The disadvantages below are not a knock on any of these projects or their contributors.

<table>
  <tbody>
    <tr>
      <th align="center">Package</th>
      <th align="center">Advantages</th>
      <th align="center">Disadvantages</th>
    </tr>
    <tr>
      <td><a href="https://github.com/microsoft/playwright-python">playwright-python</a></td>
      <td>
        <ul>
          <li>Well-maintained as owned by Microsoft.</li>
          <li>Offers syncronous and asyncronous APIs.</li>
          <li>Offers a fantastic request context.</li>
          <li>Supports Firefox fully.</li>
        </ul>
      </td>
      <td>
        <ul>
          <li>
            Can be difficult to debug in Python.
            <ul>
                <li>Remote calls are made to the local playwright server, not to the browser directly.</li>
                <li>APIs are generated, so digging into a method requires searching, or an actively running session, depending on your IDE.</li>
            </ul>
          </li>
          <li>Sync API is actually still running async code under-the-hood, which can lead to out-of-state browser pages and other unexpected behaviours.</li>
        </ul>
      </td>
    </tr>
    <tr>
      <td><a href="https://github.com/puppeteer/puppeteer">puppeteer</a></td>
      <td>
        <ul>
          <li>Well-maintained, easily the largest Node.js browser automation library.</li>
          <li>Working to support <a href="https://developer.chrome.com/blog/webdriver-bidi">BiDi</a>.</li>
        </ul>
      </td>
      <td>
        <ul>
          <li>Written in Node.js, does not mesh with a Python ecosystem.</li>
        </ul>
      </td>
    </tr>
    <tr>
      <td><a href="https://github.com/pyppeteer/pyppeteer">pyppeteer</a></td>
      <td>
        <ul>
          <li>Ported directly from puppeteer.</li>
        </ul>
      </td>
      <td>
        <ul>
          <li><b>No longer maintained!</b></li>
          <li>Does not use the fetch domain for request interception, resulting in unexpected behaviours with redirects in Chromium.</li>
          <li>Not "pythonic" in some ways, with a fair amount of duplicated code and camelCase variables (likely due to being a port).</li>
        </ul>
      </td>
    </tr>
  </tbody>
</table>

## To Do

- Finish/publish tests.
- Fully support Firefox. Currently only a subset of CDP is implemented in Firefox, so functionality is lacking. While
[BiDi](https://developer.chrome.com/blog/webdriver-bidi) is in development, it is not certain when it will be feature-complete.

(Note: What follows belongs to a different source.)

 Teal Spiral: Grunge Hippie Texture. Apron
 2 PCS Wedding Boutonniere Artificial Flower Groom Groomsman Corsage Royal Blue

There are a few options here:
  - [puppeteer is tracking](https://puppeteer.github.io/ispuppeteerwebdriverbidiready/) their own progress. Could wait for this
  to be closer to parity and port it.
  - Another option would be to port off the implementation Microsoft has done, since [they will not be abandoning their custom Firefox distribution for BiDi anytime soon](https://github.com/microsoft/playwright/pull/24073#issuecomment-1636205254). This would create an abtract dependency, though.

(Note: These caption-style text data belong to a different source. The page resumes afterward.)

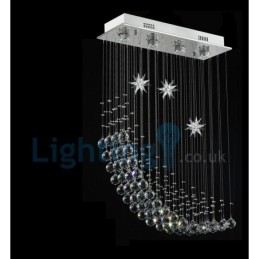 Lustre moderno contemporâneo, luminária pendente embutida, luz de gota de chuva de cristal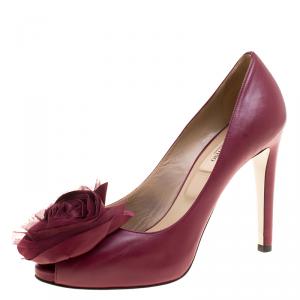 Pre Owned Valentino Burgundy Leather Rose Embellished Peep Toe Platform Pumps Size 37.5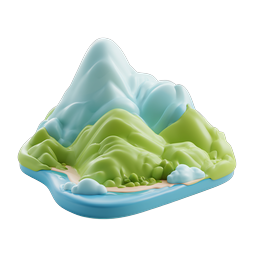 3D Island Mountain Landscape Icon - Clay Style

  - A third option would be to use temporary extensions to mimic as much behaviour as possible. We could already potentially use the
  [webRequest API](https://developer.mozilla.org/en-US/docs/Mozilla/Add-ons/WebExtensions/API/webRequest) to intercept, abort, and alert requests.
  Though the `Runtime.addBinding` CDP method is not implemented in Firefox so it can be difficult to callback to Python methods
  in a blocking manner.
- Explore decorating `Page.wait_for_<x>` methods with `contextlib.asynccontextmanager`
so the syntax is more straightforward.